Un instant après, les deux cavaliers suivaient une de ces routes si caractéristiques de cette côte élevée, où les souffles incessants et impétueux du large ne laissent croître que de courtes plantes rustiques, trapues et têtues, cramponnées au sol, qu’elles dépassent à peine. A droite et à gauche, c’étaient des landes inégales, bossuées par le granit qui y affleure, et tapissées d’une verdure poudreuse. L’or des genêts y brillait par places. Les ternes fleurs de la lavande y mettaient des traînées pâles. Mais les roses bruyères n’étaient pas encore fleuries.
Sur cette aridité, sur ce silence, planait une sensation d’immensité.

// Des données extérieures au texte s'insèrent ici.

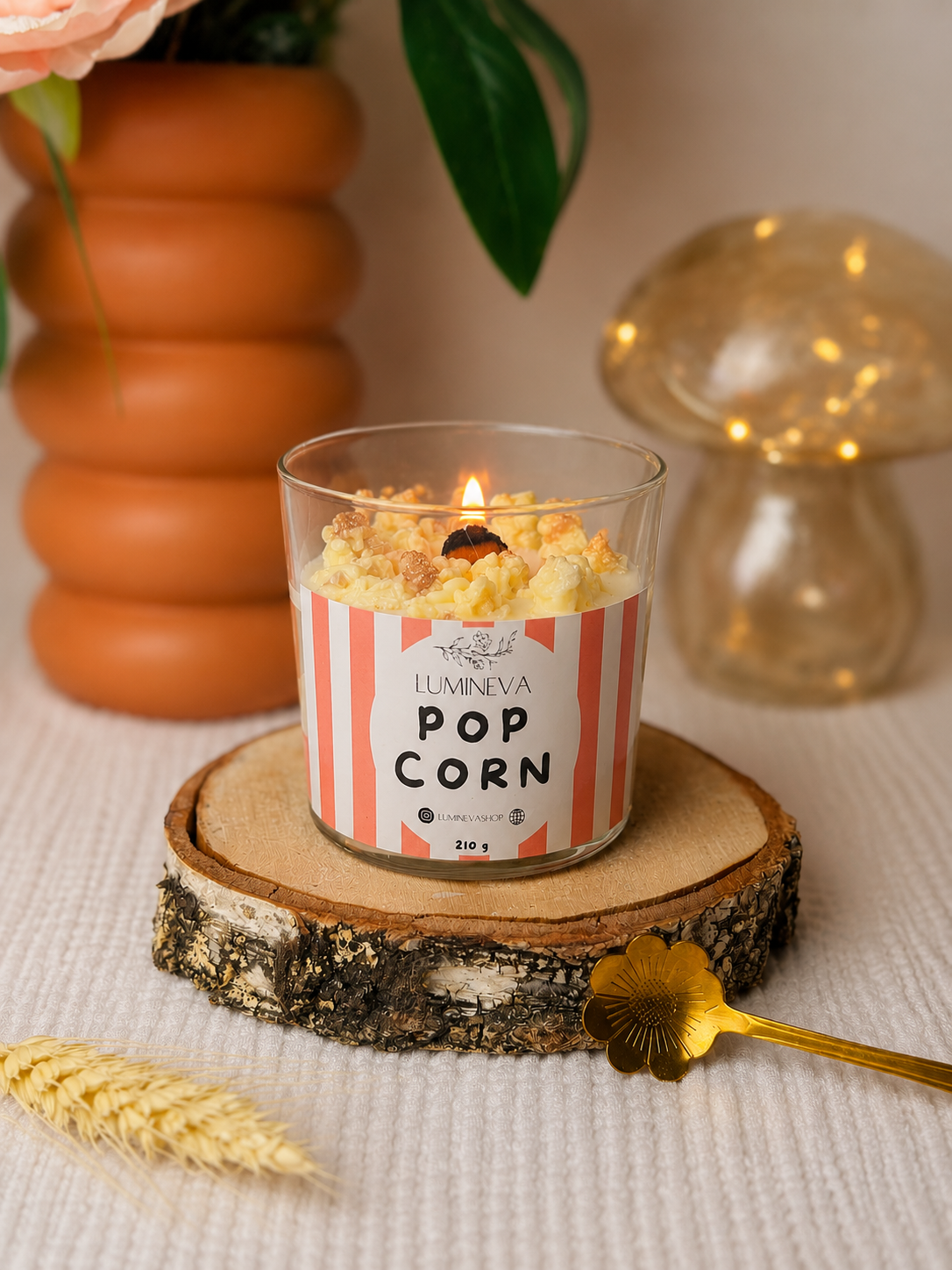 BOUGIE GOURMANDE POP CORN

Quelquefois, du côté de la terre, une perspective s’ouvrait, laissant voir une pointe de clocher dans un pli de terrain. A d’autres moments, c’était vers la mer que s’enfonçait la pente du sol. Alors apparaissaient des gouffres bleuâtres, dont on n’était pas bien sûr que ce fût l’eau ou le ciel.
La conversation ne se soutenait pas avec beaucoup de chaleur entre Renaud et Gilbert. Rien n’était plus différent que ces deux hommes: l’un, jeune, et ayant horreur de l’action; l’autre, au second versant de la vie, mais d’une sève toujours bouillonnante. Même physiquement, cette interversion des âges était manifeste. Peu de femmes eussent préféré le fluet et pâle garçon de vingt-six ans à ce beau Valcor d’une si mâle élégance de stature, avec la mine si charmante et si fière, et qui, à près de cinquante ans, n’en paraissait guère que trente-cinq.
—«Vous savez que c’est loin. Nous pourrions trotter.»
Le marquis soutint longtemps l’allure rapide et ne ralentit que par précaution de bon cavalier, à cause des chevaux. Gilbert n’osait dire qu’il trouvait le train un peu dur. Il dut s’essuyer le front, où la sueur ruisselait.
—«Je vous quitterai,» dit Renaud, «avant le village. Vous trouverez quelqu’un pour vous conduire à la ruine. Moi, je vais voir une famille de pêcheurs, qui demeure un peu plus bas, sur le versant de la falaise. Ce sont des gens que ma famille a protégés de père en fils. J’ai à leur parler.
—Où nous retrouverons-nous?
—A l’auberge, en face de l’église. Vous y laisserez votre cheval. De là, pour gagner le phare et l’abbaye, à pied, il vous faut dix minutes.»
A un tournant de la route, Gilbert vit le marquis de Valcor prendre un sentier qui serpentait à travers la lande, dans la direction de l’Océan. Il lui cria:
—«Vous n’allez pas rencontrer une descente trop raide pour votre cheval?